Exemples concrets : sanctions, tribunaux et hypocrisie
Au cœur de la discussion, Lascaris cite plusieurs exemples illustrant comment l’Occident détourne la justice :
- Les sanctions comme outil de domination : Lascaris pointe du doigt les sanctions imposées à la Russie depuis l’invasion de l’Ukraine en 2022. Selon lui, ces mesures, souvent justifiées par des violations du droit international, servent en réalité à affaiblir un rival géopolitique tout en ignorant des violations similaires par des alliés comme Israël. « Les sanctions ne sont pas neutres ; elles sont un lawfare économique qui frappe les civils les plus vulnérables », affirme-t-il, en référence à des rapports sur l’impact humanitaire de ces mesures.
- La Cour pénale internationale (CPI) et la sélectivité : Un point saillant est la critique de la CPI, accusée de partialité. Lascaris rappelle comment la Cour a émis des mandats d’arrêt contre des leaders africains ou russes, mais traîne des pieds face aux allégations de crimes de guerre en Palestine. Il mentionne son propre engagement dans des coalitions juridiques au Canada, où il a exigé que le gouvernement respecte la Convention sur le génocide en cessant les livraisons d’armes à Israël. « La justice internationale est un outil de l’Occident pour punir les ‘mauvais’ États, pas pour protéger les opprimés », lance-t-il.
- Mensonges et propagande médiatique : Lascaris n’épargne pas les médias occidentaux, qu’il accuse de propager des « mensonges » pour justifier ces pratiques. Il évoque les cas de Julian Assange, poursuivi pour avoir révélé des crimes de guerre américains, ou encore les accusations d’antisémitisme portées contre des militants pro-palestiniens comme lui-même. Dans un rapport récent qu’il a contribué à rédiger, un ancien juge en chef de la Nouvelle-Écosse a innocenté des étudiants en droit accusés à tort d’antisémitisme pour leur soutien à la Palestine – un exemple flagrant de lawfare interne.
- Le cas palestinien : résistance armée comme dernier recours : Lascaris défend le droit à la résistance armée pour les peuples opprimés, comme les Palestiniens, lorsque toutes les voies pacifiques sont bloquées. « L’Occident condamne la violence des opprimés tout en armant les oppresseurs », dit-il, en soulignant l’hypocrisie des soutiens occidentaux à la résistance ukrainienne.

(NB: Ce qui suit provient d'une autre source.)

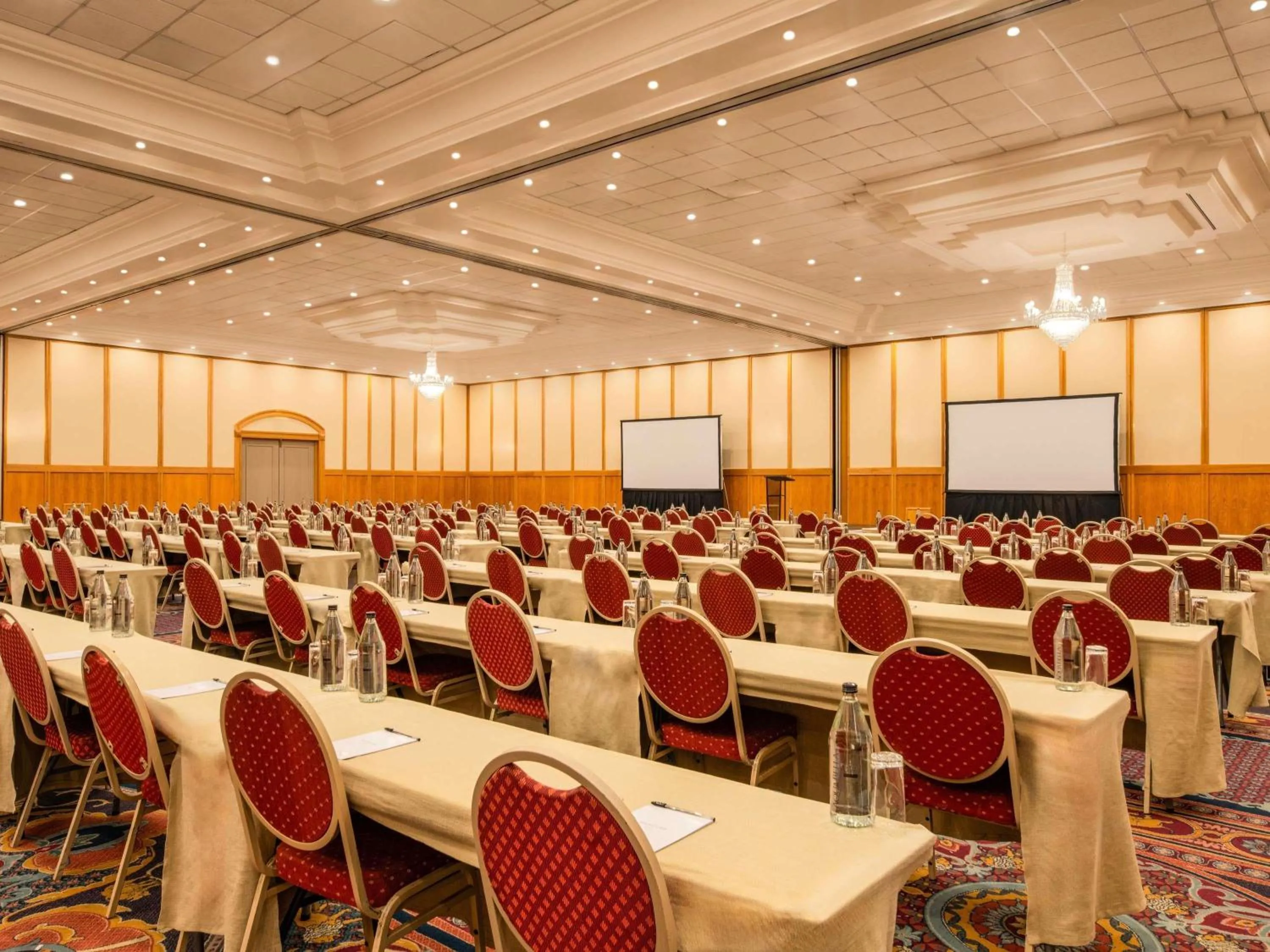 Meeting/conference room in Mercure Hotel Windhoek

Une critique radicale de l’hégémonie occidentale
Tout au long de l’entretien, Lascaris insiste sur le fait que ce détournement de la justice n’est pas un accident, mais une composante essentielle de l’hégémonie occidentale. Il appelle à une « neutralité active », inspirée des travaux de Neutrality Studies, pour que des pays comme la Suisse ou le Canada redeviennent des médiateurs crédibles plutôt que des complices. « La foi en les institutions occidentales est un mensonge qui maintient le statu quo », conclut-il, en invitant les auditeurs à résister par l’activisme et la vérité.
Pourquoi cet entretien est crucial aujourd’hui
Diffusé il y a à peine quelques jours (le 11 juillet 2025 pour la version anglaise originale, suivie de la traduction française), cet entretien tombe à pic alors que les tensions mondiales s’intensifient. Avec les élections américaines en vue et les conflits en cours, les révélations de Lascaris rappellent que la justice n’est pas neutre : elle est un champ de bataille. Pour les francophones, cette version accessible sur Neutrality Studies Français offre une perspective critique rare, loin des narratifs dominants.
Dimitri Lascaris, par son engagement, incarne une voix dissidente essentielle. Comme il le dit souvent : « La vérité est la première victime de la guerre, mais elle est aussi l’arme la plus puissante pour la paix. » Cet entretien n’est pas seulement une analyse ; c’est un appel à l’action pour repenser notre monde. À visionner d’urgence pour quiconque s’intéresse à la géopolitique et à la justice véritable.